» **Problem to solve**: Beginning with the line that contains "beverage, drink, drinking, bottle, glass, red, wine" and ending with the line that contains "Suave Kids Purely", reproduce the lines of the entries below exactly, omitting pictures.

» **Working data**:
----------------------------------------
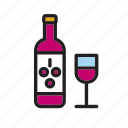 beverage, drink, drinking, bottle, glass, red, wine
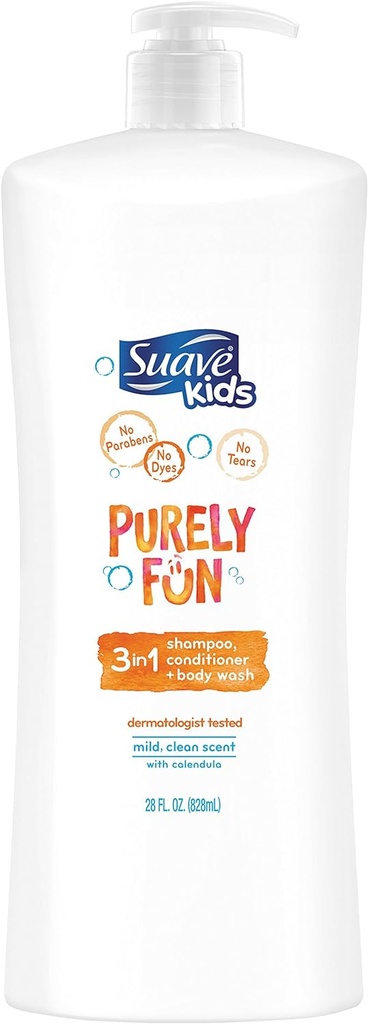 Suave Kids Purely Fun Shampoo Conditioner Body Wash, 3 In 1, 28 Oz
----------------------------------------
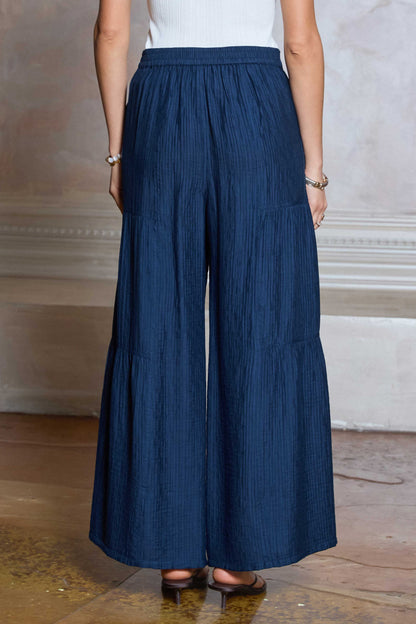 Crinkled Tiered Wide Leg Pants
----------------------------------------
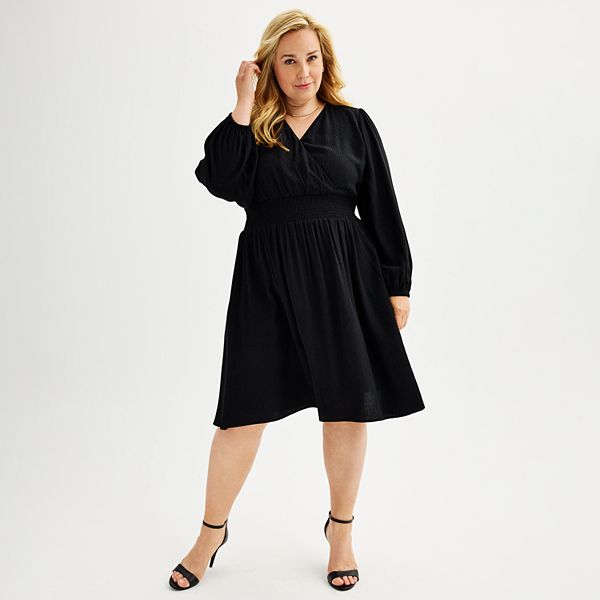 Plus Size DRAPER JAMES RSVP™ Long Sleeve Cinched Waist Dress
----------------------------------------
» **Exercise solution**:
 beverage, drink, drinking, bottle, glass, red, wine
 Suave Kids Purely Fun Shampoo Conditioner Body Wash, 3 In 1, 28 Oz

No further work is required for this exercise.